Considering the characteristics of PPA, SBS and SBR modified asphalt binders, the primary objective of this study is to investigate partially replacing SBS/SBR with PPA as asphalt modifiers, which can not only achieve lower cost, but also show better performances such as rutting resistance, high-temperature properties and anti-aging. To achieve the objective, the specific work is to investigate the effects of different PPA content on high-temperature properties, low-temperature properties, temperature sensitivity and aging properties of SBS/SBR modified asphalt binders using Dynamic Shear Rheometer (DSR), Bending Beam Rheometer (BBR) and Rolling Thin Film Oven (RTFO) testing.
4. Conclusions
To investigate the feasibility of using PPA to partially replace SBS/SBR as asphalt modifier, through a series of tests, including DSR, BBR and RTFO tests, the performance of compound asphalt is improved compared with that of 4% SBS/SBR single modified asphalt. The results show that appropriate PPA content can improve the elastic performance of SBS/SBR modified asphalt, reduce its viscosity, and improve the high-temperature deformation resistance, therefore, the rutting resistance of compound asphalt is improved. After adding PPA, |GTS| decreases significantly and |VTS| decreases gradually, indicating that PPA reduces the temperature sensitivity of modified asphalt.

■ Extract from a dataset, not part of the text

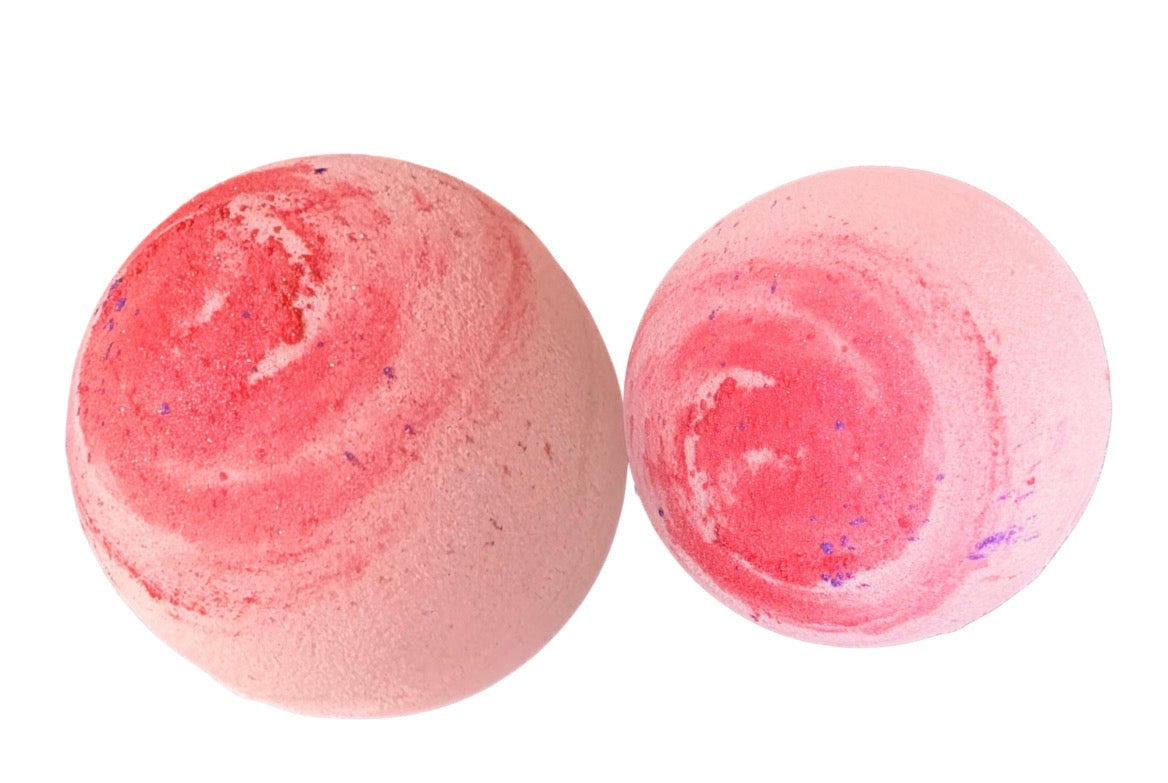 Strawberry Hubba Bubba Bath Bomb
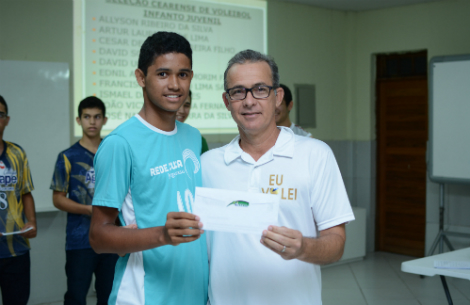 Nairton e o técnico da seleção cearense, Carlinhos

In addition, PPA can inhibit the thermal oxidative aging of polymer modified asphalt, thereby enhancing the anti-aging properties, and the greater the amount of PPA, the more significant the modification effect is.
Overall, the high temperature, temperature sensitivity and anti-aging properties of polymer modified asphalt were improved after adding PPA, and because of its low price, the polymer modified asphalt can reduce some polymer content by adding PPA. PPA may have an adverse effect on the stiffness and stress relaxation of asphalt binder, but it can meet the specification requirements in the area where the average temperature in winter is not lower than −18 °C. Considering those performance and economic benefits, the recommended scheme of PPA-SBS compound modified asphalt is 4% SBS + 0.75–1.0% PPA, and the recommended scheme of PPA-SBR compound modified asphalt is 4% SBR + 0.5–0.75% PPA, which is equivalent to the performance of 6% SBS/SBR single modified asphalt. Following research work should include investigating the combinations of PPA with other modifiers and neat asphalt, as well as the verification of field correlation, so as to prepare asphalt with better performance and wider application range.